### What the task requires
Only one span of the listing below is wanted: the lines from the one with "Книга Адмиралъ из" through the one with "Рекомендуем почитать. Биографические издания", reproduced exactly, both ends kept.

### Data listing
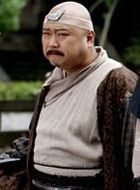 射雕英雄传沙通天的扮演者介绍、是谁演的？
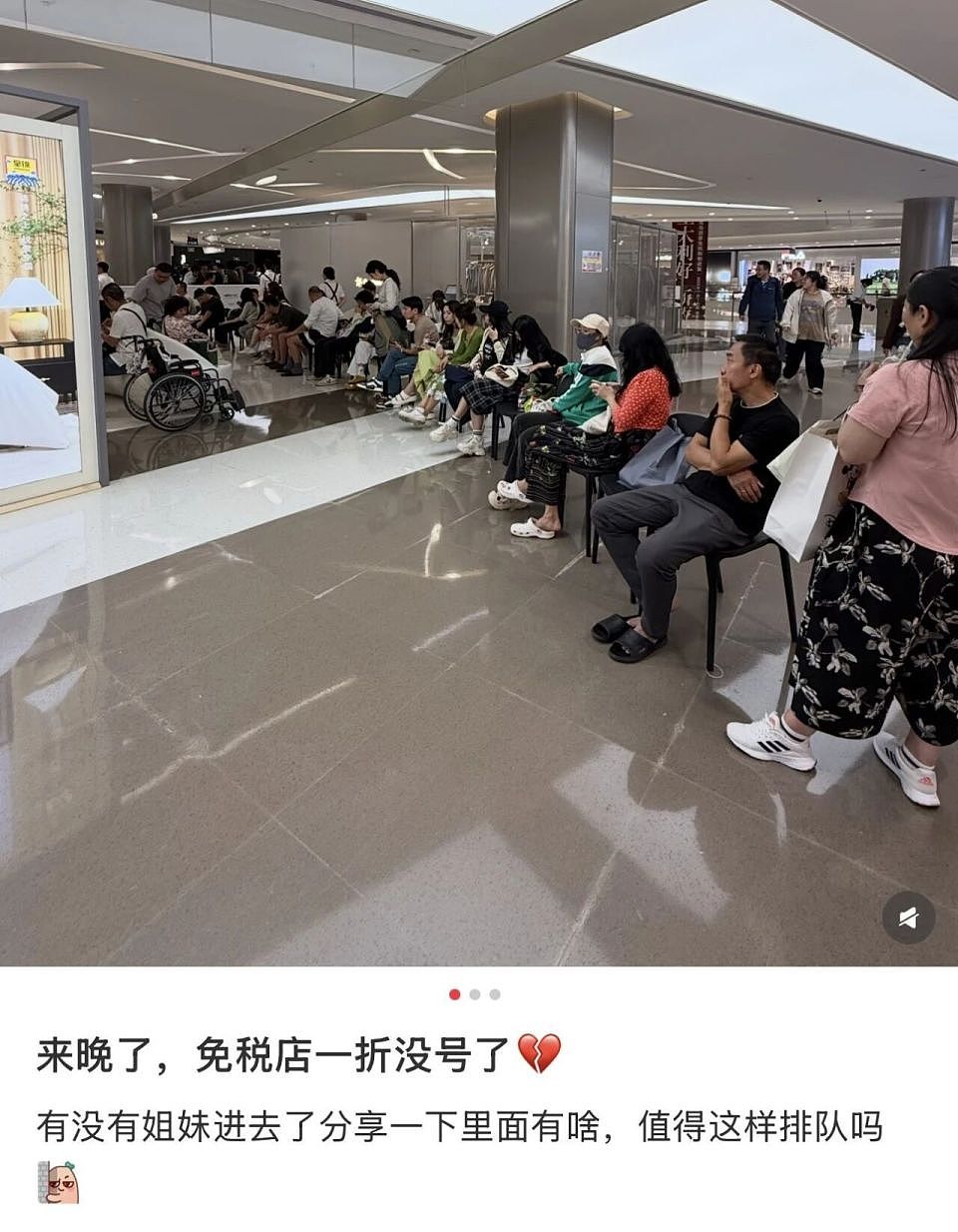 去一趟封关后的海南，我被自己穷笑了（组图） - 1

---

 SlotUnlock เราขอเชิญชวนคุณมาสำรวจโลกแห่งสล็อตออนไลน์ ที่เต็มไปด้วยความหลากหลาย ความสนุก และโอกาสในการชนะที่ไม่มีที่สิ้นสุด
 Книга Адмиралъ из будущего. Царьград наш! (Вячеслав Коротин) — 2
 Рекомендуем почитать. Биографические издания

### Completed exercise
 Книга Адмиралъ из будущего. Царьград наш! (Вячеслав Коротин) — 2
 Рекомендуем почитать. Биографические издания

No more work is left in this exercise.